Beyond Market Failure: The Market Creating and Shaping Roles of State Investment Banks.
37 Pages Posted: 7 Mar 2016
Date Written: October 15, 2014
Recent decades witnessed a trend whereby private markets retreated from financing the real economy, whilst simultaneously the real economy itself became increasingly financialized. This trend resulted in public finance becoming more important for capital investments. Within this context, the paper focuses on the roles played by a particular source of public finance: state investment banks (SIBs). It develops a conceptual typology of the different roles that SIBs play in the economy which together show the market creation/shaping process of SIBs, rather than their mere ‘market fixing’ roles. The paper discusses four types of investments, both theoretically and empirically: countercyclical; developmental; venture capitalist role; and challenge-led.

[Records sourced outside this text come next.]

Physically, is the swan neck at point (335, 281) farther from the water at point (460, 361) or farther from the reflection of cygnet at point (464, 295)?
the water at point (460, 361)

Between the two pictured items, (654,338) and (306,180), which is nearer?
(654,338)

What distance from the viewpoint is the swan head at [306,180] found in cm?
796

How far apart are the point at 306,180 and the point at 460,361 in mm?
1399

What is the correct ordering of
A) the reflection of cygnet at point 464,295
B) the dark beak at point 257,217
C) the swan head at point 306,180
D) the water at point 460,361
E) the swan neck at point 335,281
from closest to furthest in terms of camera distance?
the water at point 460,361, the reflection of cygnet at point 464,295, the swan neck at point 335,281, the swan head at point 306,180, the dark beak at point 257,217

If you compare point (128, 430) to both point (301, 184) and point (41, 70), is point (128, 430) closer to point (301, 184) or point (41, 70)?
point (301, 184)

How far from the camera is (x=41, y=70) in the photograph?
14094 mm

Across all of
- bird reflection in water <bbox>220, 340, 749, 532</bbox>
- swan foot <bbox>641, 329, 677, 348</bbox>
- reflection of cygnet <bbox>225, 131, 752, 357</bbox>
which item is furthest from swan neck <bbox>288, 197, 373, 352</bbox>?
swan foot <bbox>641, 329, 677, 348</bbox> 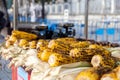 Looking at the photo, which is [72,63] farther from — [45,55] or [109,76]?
[109,76]

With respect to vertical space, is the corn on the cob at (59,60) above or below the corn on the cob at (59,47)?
below

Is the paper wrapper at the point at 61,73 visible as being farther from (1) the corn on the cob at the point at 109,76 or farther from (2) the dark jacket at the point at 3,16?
(2) the dark jacket at the point at 3,16

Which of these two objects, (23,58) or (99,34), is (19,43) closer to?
(23,58)

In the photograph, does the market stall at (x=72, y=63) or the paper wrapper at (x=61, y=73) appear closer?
the market stall at (x=72, y=63)

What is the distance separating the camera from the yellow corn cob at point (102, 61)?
2269mm

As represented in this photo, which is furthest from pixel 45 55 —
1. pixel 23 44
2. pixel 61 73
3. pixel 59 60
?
pixel 23 44

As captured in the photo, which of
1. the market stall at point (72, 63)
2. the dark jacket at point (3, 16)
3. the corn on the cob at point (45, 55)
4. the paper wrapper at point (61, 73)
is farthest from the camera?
the dark jacket at point (3, 16)

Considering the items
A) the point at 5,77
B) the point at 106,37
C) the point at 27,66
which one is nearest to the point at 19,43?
the point at 27,66

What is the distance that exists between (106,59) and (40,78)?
49 cm

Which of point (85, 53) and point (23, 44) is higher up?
point (85, 53)

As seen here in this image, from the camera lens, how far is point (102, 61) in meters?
2.28

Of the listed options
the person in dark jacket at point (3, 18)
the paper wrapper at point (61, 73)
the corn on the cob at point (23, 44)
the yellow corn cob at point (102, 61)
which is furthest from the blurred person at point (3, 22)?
the yellow corn cob at point (102, 61)

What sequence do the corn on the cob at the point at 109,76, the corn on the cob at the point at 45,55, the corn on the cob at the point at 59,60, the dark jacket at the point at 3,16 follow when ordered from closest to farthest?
1. the corn on the cob at the point at 109,76
2. the corn on the cob at the point at 59,60
3. the corn on the cob at the point at 45,55
4. the dark jacket at the point at 3,16

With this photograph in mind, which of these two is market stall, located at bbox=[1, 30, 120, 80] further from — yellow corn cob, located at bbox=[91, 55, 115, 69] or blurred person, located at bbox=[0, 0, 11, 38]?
blurred person, located at bbox=[0, 0, 11, 38]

To develop the typology, we first discuss how standard market failure theory (MFT) justifies the roles of SIBs, the diagnostics and evaluation toolbox associated with it, and resulting criticisms centred on notions of ‘government failures’. We then show the limitations of this approach based on insights from Keynes, Schumpeter, Minsky and Polanyi, and other authors from the evolutionary economics tradition, which help us move towards a framework for public investments that is more about market creating/shaping rather than market fixing. As frameworks lead to evaluation tools, we use this new lens to both analyse the increasingly targeted investments that SIBs are making, and to provide a new light on the usual criticisms that are made about such directed activity (e.g. crowding out and picking winners).